CakapCakap – Cakap People! Para ekonom mengatakan bahwa ekonomi Indonesia menghadapi “resesi yang hampir pasti” pada kuartal ketiga tahun ini karena pemulihan ekonomi yang kuat akan tergantung pada apakah pemerintah dapat mengendalikan penyebaran pandemi COVID-19 dan merangsang daya beli masyarakat.
Pemerintah perlu fokus untuk mengendalikan wabah virus corona di tengah meningkatnya jumlah kasus COVID-19, kata ekonom senior Universitas Indonesia, Faisal Basri, seraya menambahkan bahwa pemulihan ekonomi yang kuat akan datang secara alami jika ancaman wabah ditangani.
“Kami khawatir respon kebijakan pemerintah tidak lagi peduli dengan COVID-19 dengan sangat menekankan pada pemulihan ekonomi,” katanya kepada anggota parlemen dalam rapat pada hari Senin, 31 Agustus 2020, melansir The Jakarta Post.
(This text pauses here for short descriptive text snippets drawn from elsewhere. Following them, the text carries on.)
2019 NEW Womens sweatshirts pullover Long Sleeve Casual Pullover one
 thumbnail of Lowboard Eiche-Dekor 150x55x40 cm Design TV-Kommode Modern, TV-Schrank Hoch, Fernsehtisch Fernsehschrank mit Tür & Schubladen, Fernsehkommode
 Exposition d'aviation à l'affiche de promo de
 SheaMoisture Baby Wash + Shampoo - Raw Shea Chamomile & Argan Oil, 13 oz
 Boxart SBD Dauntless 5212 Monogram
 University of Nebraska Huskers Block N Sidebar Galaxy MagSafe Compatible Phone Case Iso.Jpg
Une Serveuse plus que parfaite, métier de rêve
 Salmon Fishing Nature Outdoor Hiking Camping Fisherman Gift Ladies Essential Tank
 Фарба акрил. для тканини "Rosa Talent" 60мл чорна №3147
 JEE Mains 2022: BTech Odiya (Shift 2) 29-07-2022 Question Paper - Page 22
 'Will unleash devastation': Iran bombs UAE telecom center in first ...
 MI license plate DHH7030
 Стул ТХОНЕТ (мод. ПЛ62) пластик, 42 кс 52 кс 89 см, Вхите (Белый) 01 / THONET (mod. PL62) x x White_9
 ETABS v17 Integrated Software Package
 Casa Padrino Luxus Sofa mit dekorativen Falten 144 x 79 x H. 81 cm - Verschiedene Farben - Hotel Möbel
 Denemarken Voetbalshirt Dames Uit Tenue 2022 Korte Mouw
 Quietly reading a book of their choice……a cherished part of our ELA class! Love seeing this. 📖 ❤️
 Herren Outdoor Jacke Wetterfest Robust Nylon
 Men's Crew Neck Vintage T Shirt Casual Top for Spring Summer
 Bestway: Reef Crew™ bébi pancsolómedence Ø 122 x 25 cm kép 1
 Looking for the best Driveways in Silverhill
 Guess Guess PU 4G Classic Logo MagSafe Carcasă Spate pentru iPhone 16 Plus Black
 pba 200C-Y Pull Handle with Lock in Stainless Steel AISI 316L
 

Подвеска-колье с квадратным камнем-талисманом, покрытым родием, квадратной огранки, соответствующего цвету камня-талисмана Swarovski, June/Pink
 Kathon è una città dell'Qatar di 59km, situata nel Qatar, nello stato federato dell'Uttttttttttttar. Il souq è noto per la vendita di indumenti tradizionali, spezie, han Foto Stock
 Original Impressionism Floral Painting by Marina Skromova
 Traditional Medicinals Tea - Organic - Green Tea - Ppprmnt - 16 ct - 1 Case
“Seharusnya kita mengontrol penyebaran virus dulu sebelum ekonomi bisa tumbuh. Jika kasus virus menurun, ekonomi secara otomatis akan meningkat. “
Indonesia mencatat rekor kasus positif COVID-19 dalam satu hari tertinggi dalam tiga hari berturut-turut dari Jumat hingga Minggu (28 Agustus-30 Agustus 2020).
Perekonomian negara mengalami kontraksi minus atau menyusut 5,32 persen pada kuartal kedua tahun ini, terburuk sejak 1999, karena semua komponen kegiatan ekonomi melambat.
Faisal mengatakan, perekonomian mungkin bakal menyusut 3 persen lagi pada kuartal ketiga. Ia menambahkan bahwa kontraksi ekonomi adalah akibat dari “ketidakmampuan pemerintah dalam menangani pandemi”.
Pemerintah, lanjutnya, harus mengikuti langkah negara-negara seperti Singapura, Malaysia dan Thailand dengan memprioritaskan respons pandemi atas ekonomi. Menurutnya, langkah tersebut dapat memungkinkan ekonomi pulih lebih cepat.
“Strategi pemerintah dalam menangani pandemi adalah menunggu vaksin, tapi sebelum itu terjadi, mereka sama sekali tidak punya strategi,” ujarnya kepada Komisi VI DPR yang membidangi perdagangan, industri, dan badan usaha milik negara.
Pemerintah sedang gencar mengampanyekan tentang protokol normal baru, termasuk dengan mengenakan masker wajah dan face shield, jarak sosial. Itu adalah di antara langkah-langkah lain untuk menyelamatkan ekonomi yang terguncang akibat pandemi virus corona.
Namun, jumlah kasus yang meningkat dalam beberapa bulan terakhir menunjukkan bahwa langkah pemerintah belum efektif dalam mengurangi penyebaran infeksi.
Resesi ekonomi “bukanlah kiamat dan bukan hal yang perlu ditakuti”
“Resesi ekonomi bukanlah kiamat dan bukan sesuatu yang perlu kita takuti,” kata ekonom senior Institute for Development of Economics and Finance (Indef) Enny Sri Hartati.
Ia menambahkan, perekonomian berada pada “resesi yang hampir pasti” beberapa diantaranya adalah didasarkan beberapa indikator ekonomi di bulan Juli seperti penjualan ritel dan penjualan kendaraan.
“Pertanyaannya adalah bagaimana mengurangi guncangan ekonomi dengan meningkatkan daya beli masyarakat dan meningkatkan [ketahanan] usaha mikro, kecil, dan menengah,” katanya dalam pertemuan yang sama.
Enny mendesak pemerintah mengevaluasi program stimulus saat ini untuk mengurangi tekanan arus kas bisnis dan mendorong permintaan domestik.
“Jika tepat sasaran, maka belanja pemerintah akan menjadi krusial dalam mendorong perekonomian,” tambahnya.
Pemerintah memperkirakan ekonomi akan menyusut paling buruk 2 persen atau mencatat pertumbuhan datar paling baik di kuartal ketiga, Menteri Keuangan Sri Mulyani Indrawati mengatakan baru-baru ini. Sri Mulyani memperkirakan ekonomi akan menyusut paling buruk 1,1 persen untuk tahun 2020.
Pemerintah akan mengoptimalkan belanja negara pada kuartal ketiga tahun ini untuk membantu mendukung perekonomian, kata Kepala Kebijakan Perubahan Iklim dan Pembiayaan Multilateral Kementerian Keuangan Adi Budiarso dalam audiensi yang sama.
“Kami akan meningkatkan belanja pemerintah yang akan mendukung supply dan demand dalam perekonomian,” tegasnya.